Support Vector Machines are supervised models that take positive and negative instances of classes in some feature space as training instances, and learn a linear decision boundary between the two classes. Unlike probability based methods such as logistic regression that attempt to learn a hyperplane that maximizes the likelihood of the training data, SVMs rely on margin and learn hyperplanes that maximize the distance separation between positive and negative instances. For cases where the training data isn't perfectly separable, they make use of slack variables.

Formal Description

We are given some training data ${\displaystyle {\mathcal {D}}}$, a set of n points of the form

${\displaystyle {\mathcal {D}}=\left\{(\mathbf {x} _{i},y_{i})\mid \mathbf {x} _{i}\in \mathbb {R} ^{p},\,y_{i}\in \{-1,1\}\right\}_{i=1}^{n}}$

where the yi is either 1 or −1, indicating the class to which the point ${\displaystyle \mathbf {x} _{i}}$ belongs. Each ${\displaystyle \mathbf {x} _{i}}$ is a p-dimensional real vector. We want to find the maximum-margin hyperplane that divides the points having ${\displaystyle y_{i}=1}$ from those having ${\displaystyle y_{i}=-1}$.

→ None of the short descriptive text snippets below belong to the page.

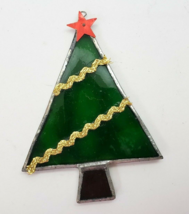 Christmas Tree Ornament Stained Glass Suncatcher  3.5&quot; - £7.17 GBP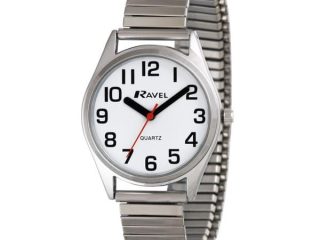 Ravel Ladies Classic Super Bold Easy Read Expander Bracelet Silver Watch R0225.01.2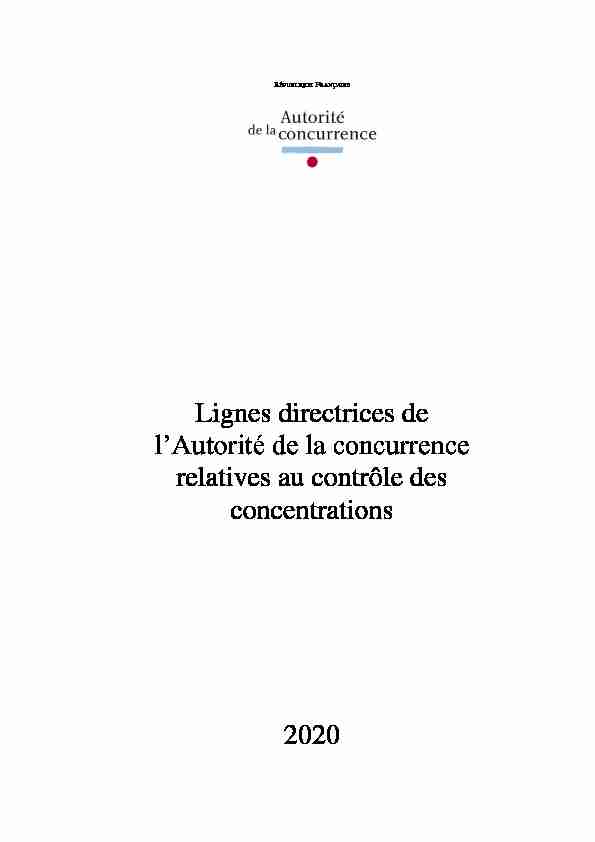Lignes Directrices De Lautorité De La Concurrence Relatives Au Pdf 3743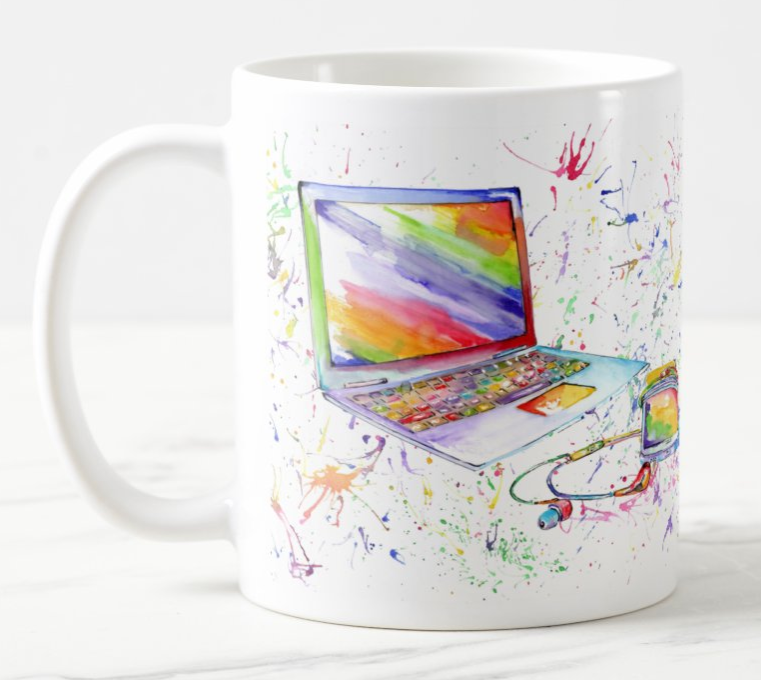 Techie Laptop Phone PC Computer Watercolour Rainbow Art Coloured Mug Cup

We want to choose the ${\displaystyle {\mathbf {w} }}$ and ${\displaystyle b}$ to maximize the margin, or distance between the parallel hyperplanes that are as far apart as possible while still separating the data, i.e.

Minimize (in ${\displaystyle {\mathbf {w} ,b}}$)

${\displaystyle \|\mathbf {w} \|}$

subject to (for any ${\displaystyle i=1,\dots ,n}$)

${\displaystyle y_{i}(\mathbf {w} \cdot \mathbf {x_{i}} -b)\geq 1.\,}$

We can substitute ||w|| with ${\displaystyle {\tfrac {1}{2}}\|\mathbf {w} \|^{2}}$ without changing the solution. This now becomes a quadratic programming problem. Some of this math is obtained from Wikipedia, refer to the corresponding Wikipedia article for more details.

Training

There exist several specialized algorithms for quickly solving the Quadratic Programming problem that arises from SVMs, mostly reliant on heuristics for breaking the problem down into smaller, more-manageable chunks. A common method is the Sequential Minimal Optimization (SMO) algorithm, which breaks the problem down into 2-dimensional sub-problems that can be solved analytically and runs in cubic time.

Advantages

• They are more robust to overfitting, since the final model relies only on support vectors, as opposed to all the instances of the training set.
• The use of the Kernel trick allows us to efficiently use custom kernels for any given task
• They can easily handle very high dimensional data

Applications

They are applicable for a variety of binary as well as multiclass classification problems such as text classification, and have recently also been applied for regression problems.